Roads are made, streets are made, services are improved, electric light turns night into day, water is brought from reservoirs a hundred miles off in the mountains – and all the while the landlord sits still. Every one of those improvements is effected by the labour and cost of other people and the taxpayers. To not one of those improvements does the land monopolist… …contribute, and yet by every one of them the value of his land is enhanced. He renders no service to the community, he contributes nothing to the general welfare, he contributes nothing to the process from which his own enrichment is derived.”

That was Winston Churchill in 1909. And he wasn’t the first to highlight the profit that accrues to landowners when their land is earmarked for development.
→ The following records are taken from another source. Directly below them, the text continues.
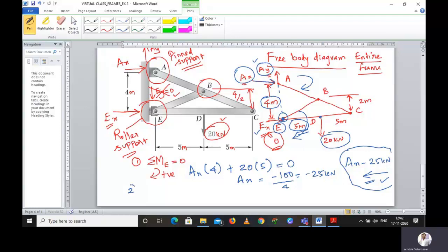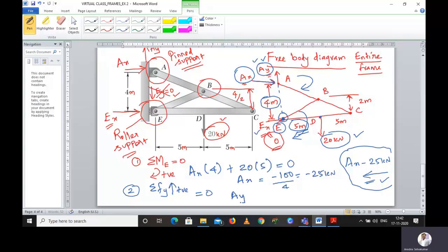Now we calculate AY using the second equilibrium condition: summation of vertical forces equals zero, taking upward as positive. AY is acting upward and the 20 kilonewton force is acting downward, so AY minus 20 equals zero. Therefore AY equals 20 kilonewtons acting upward.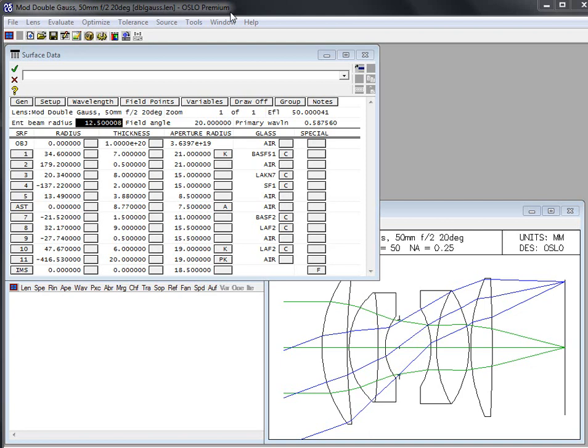In this Oslo video I'm going to show how to trace a single ray through a system. This is a basic skill. It's very useful in many cases. Often you want to know where a ray is going through a system or what its angles are with respect to surfaces or lots of other pieces of data like that.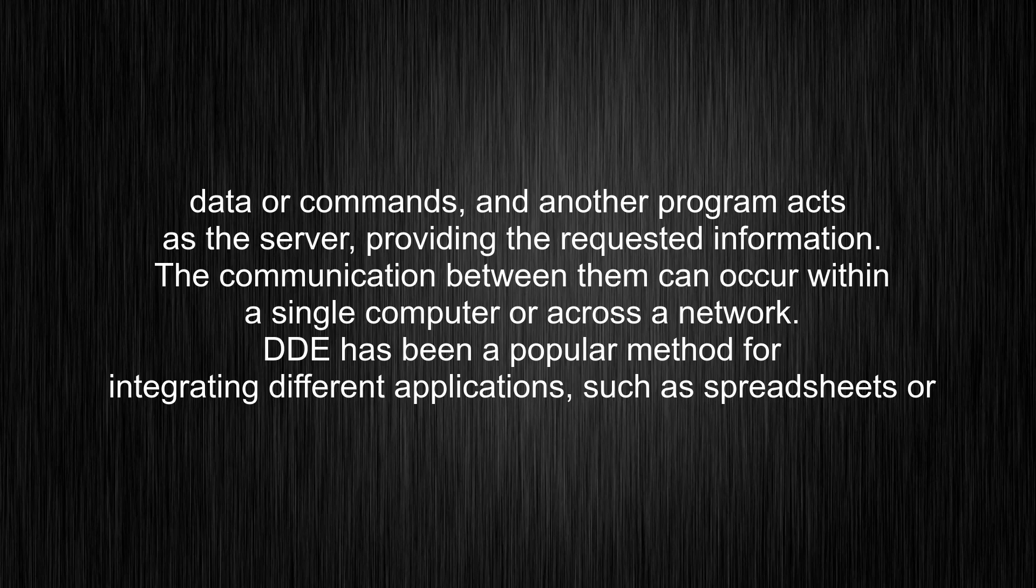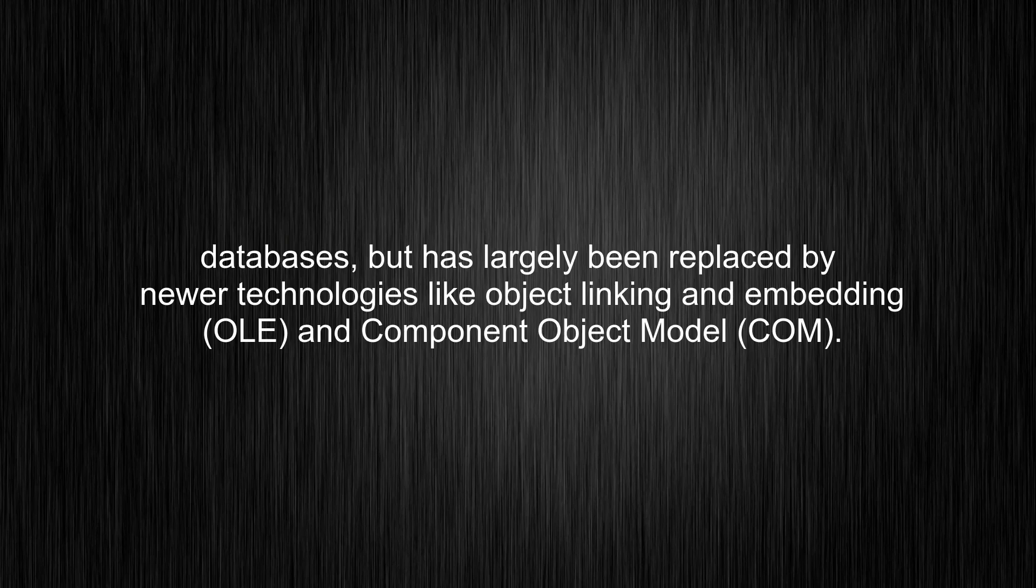The communication between them can occur within a single computer or across a network. DDE has been a popular method for integrating different applications, such as spreadsheets or databases, but has largely been replaced by newer technologies like Object Linking and Embedding (OLE) and Component Object Model (COM).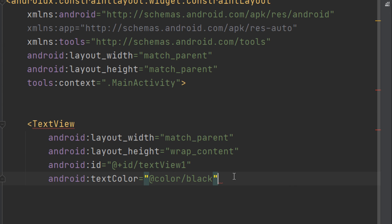We can also define layout position using padding and margin, which we have discussed in previous videos. In the next videos, we are going to define the most commonly used layouts in Android Studio: the LinearLayout, the RelativeLayout, and the ConstraintLayout, in addition to GridView and ListView in the advanced layouts section.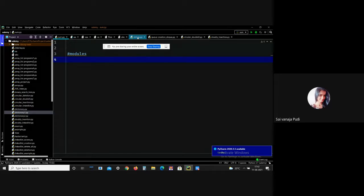To use the functionality from one module into another module, we have to import the specific module and then we can perform operations. Let me give one example — I'll create a function called display_message with a parameter 'name', and print 'hi' plus the name. I am treating this file as a module.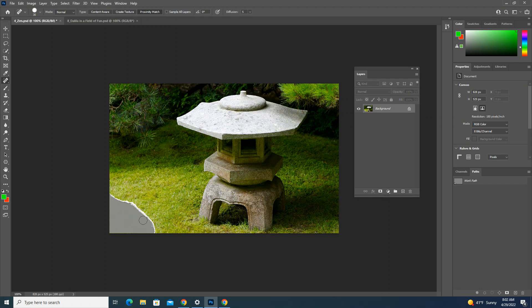On this one, go ahead and use the clone and stamp tool to fill this in so there's no more ripped edge and so it just looks like a continuation of the grass. When you're done with that one, go ahead and place it into your documentation.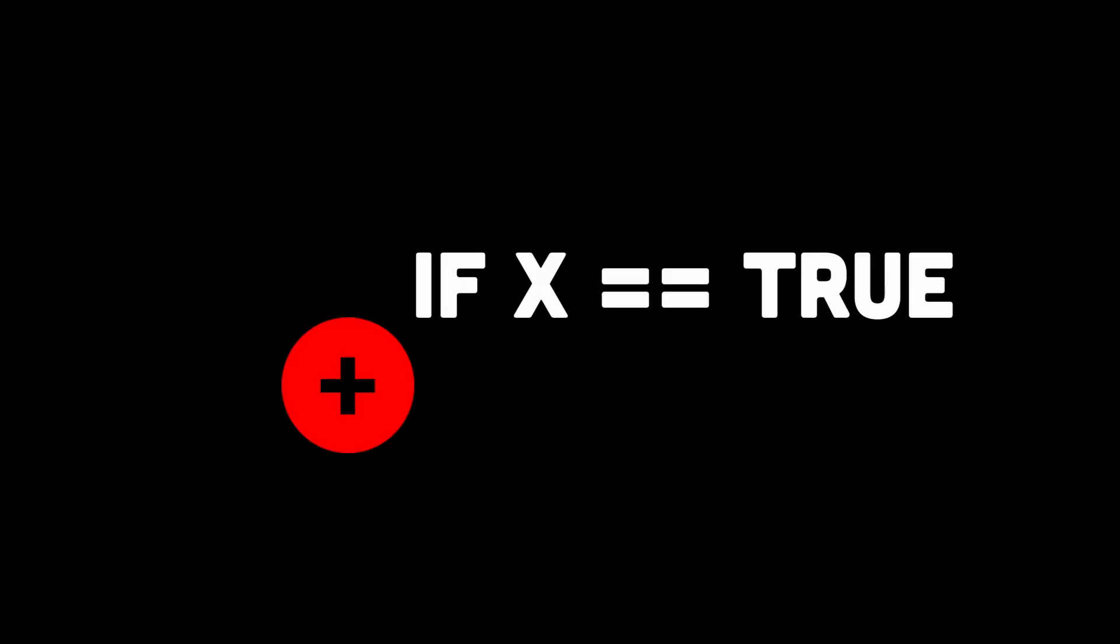In this video, you're going to learn how to place a breakpoint that only gets triggered when a certain condition is met.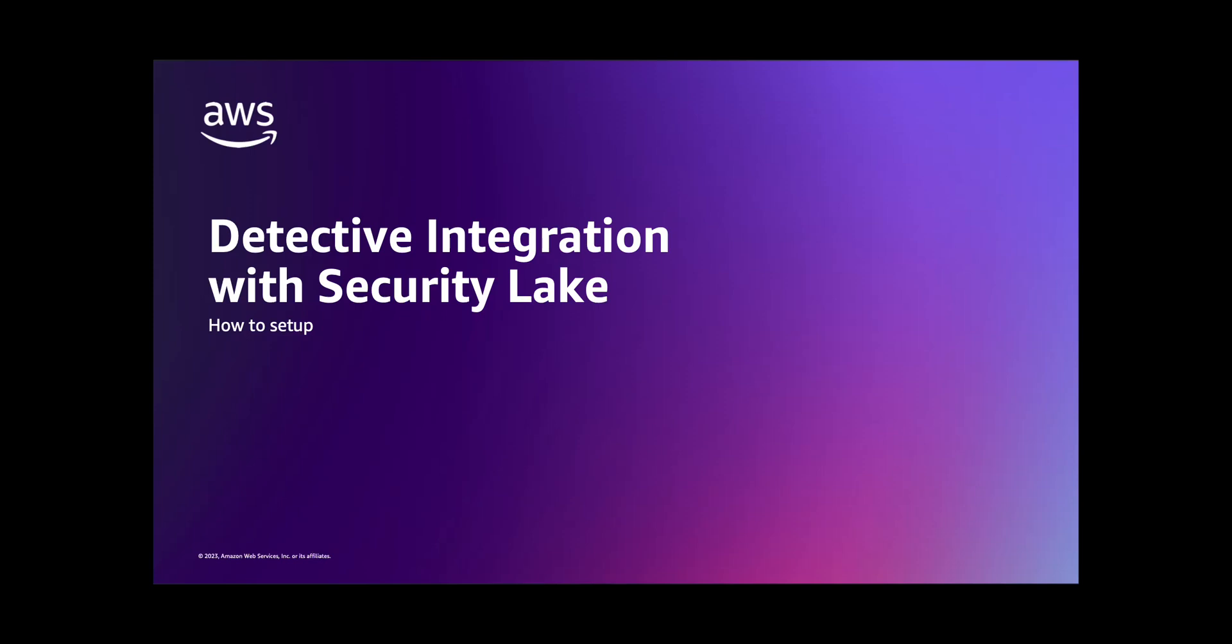Hello. In this video, I'll show you how to enable the integration between Detective and Security Lake so you can view raw CloudTrail and VPC flow logs within the Detective console. If you want to learn how to use this integration, please watch the other video in this series. The link can be found in the description.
In the middle of the 19th century, John Stuart Mill said much the same:

“Landlords grow rich in their sleep without working, risking or economising. The increase in the value of the land, arising as it does from the efforts of the entire community, should belong to the community and not to the individual who might hold the title.”
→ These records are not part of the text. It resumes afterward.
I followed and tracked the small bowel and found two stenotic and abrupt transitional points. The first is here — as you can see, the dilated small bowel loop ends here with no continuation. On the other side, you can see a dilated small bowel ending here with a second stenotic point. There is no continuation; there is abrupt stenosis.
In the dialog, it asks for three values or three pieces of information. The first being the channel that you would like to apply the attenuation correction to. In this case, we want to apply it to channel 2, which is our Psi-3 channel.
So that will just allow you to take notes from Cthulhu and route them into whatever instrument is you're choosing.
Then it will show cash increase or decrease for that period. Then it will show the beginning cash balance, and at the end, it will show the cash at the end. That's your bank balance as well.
Since then, hundreds of experts – Kate Barker, Richard Blythe (RTPI), Joshua Vincent Duncan Bowie, Shelter, TCPA (the list goes on and on) have all had their say. In 2015, Tom Copley, an energetic Labour Member of the London Assembly and author of Right to Buy: Wrong for London, was commissioned to write a report for the GLA. He noted that land values in the UK have risen by a staggering 544% since 1995 and that Crossrail had already led to an 82% uplift in land values near to the planned stations. Imagine what that figure will be when it’s finally finished.